In the process, Google has clearly attempted to drum up consumer excitement for the device ahead of its official launch alongside other new hardware products at an event in New York City on Tuesday. But the company has also arguably created a different challenge for itself: What else can Google say to hype up its flagship phone at the event that wasn't known before?
Here's what information is out there already: The Pixel is expected to finally trade in its one rear camera for two - a move in line with most smartphones on the market but still one short of the iPhone 11 Pro's three rear-camera offering. The cameras will be tucked into a square-like fixture on the top left of the device, closely resembling Apple's new camera structure.
The Pixel 4, which is expected to come in standard and XL sizes, features a Soli radar chip to enable more secure facial recognition and air gestures, as demoed in a video promo on YouTube. Photos have circulated of the Pixel 4 in various colors, including a new orange that was featured in a giant Times Square billboard promoting the launch event.
But at a time when companies including Samsung (SSNLF) and Microsoft (MSFT) are launching foldable mobile devices, Google appears to be staying the course. The new features will likely "keep Google in the conversation but not necessarily bring it ahead," according to Ramon Llamas, research director at market research firm IDC.
"The biggest thing to look for is the camera; it's the Pixel's calling card," Llamas said. "Given the improvements by Samsung and Apple in this area, Google has to deliver an experience that is either on par or even better than what those companies have."
Google (GOOG) has long trailed Samsung (SSNLF), Apple (AAPL) and some Chinese companies in smartphone market share, with the Pixel occupying less than 1% of the pie globally, according to IDC's worldwide quarterly mobile phone tracker. Google doesn't even break out phone sales when it reports quarterly earnings results, instead lumping it into a product category it calls "other revenue."
The Pixel has remained a largely niche product due to relatively high pricing and limited distribution - it's only available in the US, exclusively on Verizon. Customers can buy an unlocked version from Google or another retail store, but they'll end up paying full price. It could launch soon on more carriers, possibly on Sprint, but a global expansion is unlikely as of now.
Google also faces the same challenges as its competitors: a saturated smartphone market and consumers who are waiting longer to upgrade their perfectly fine older devices.
Google could stand to drop the starting price of its flagship model.
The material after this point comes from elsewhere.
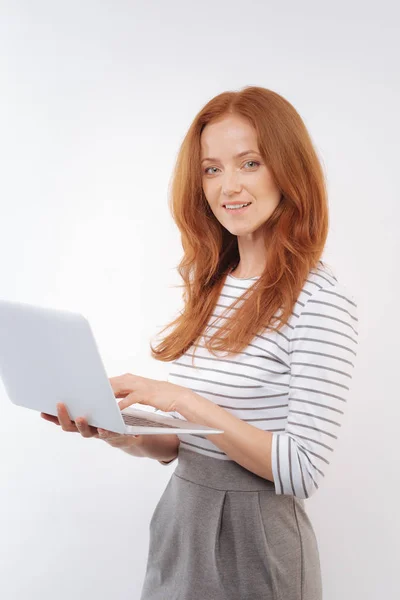 Affascinante donna dai capelli rossi in posa con computer portatile — Foto Stock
The Pixel 3 cost $799; that's compared to the new iPhone 11, which starts at $699. But the rumor mill indicates the Pixel 4 could see an uptick in cost this year.
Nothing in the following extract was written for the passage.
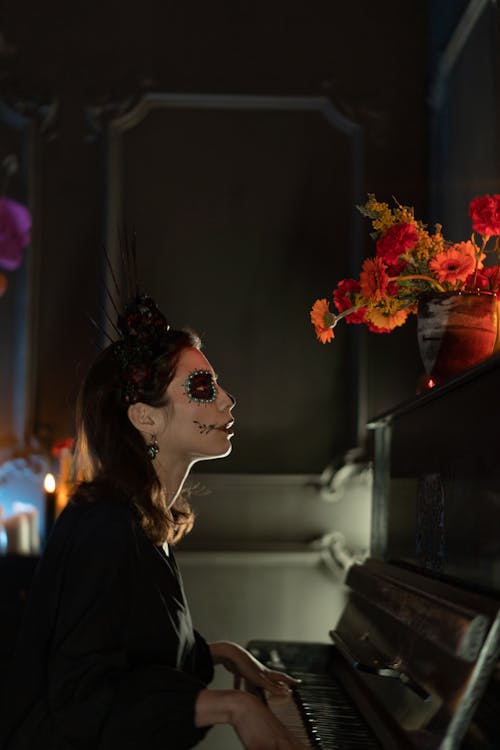 A Woman with Face Paint Playing the Piano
Despite the limitations, the Pixel has amassed a tiny but cult-like following. "I'd argue that these are Google fanboys and fangirls that have been driving sales; people who understand and want what the Pixel is: A Google phone as Google intended it," Llamas said.
The Pixel, which will run on Google's latest Android operating system, is free of bloatware from other vendors or carriers, resulting in more accessible memory and fewer non-Google apps running in the background.
5G networks in the US are still in their infancy, and spotty at best, but a rumored 5G version of the Pixel 4 could position Google as an early adopter. "It would definitely help its efforts to [be adopted] by more carriers around the world," said Ben Stanton, senior analyst at Canalys. "But it is still early days for 5G, so it is not a big deal if Google decided to wait another year."
Beyond the Pixel, Google is expected to show off a 13.3-inch touchscreen laptop called the Pixelbook Go, a Google Watch and an update to its Nest Mini speaker system. Pixel Buds, its answer to Apple's AirPods, will also likely get a refresh, with longer-lasting battery life and a mute feature that automatically turns on when someone else is talking.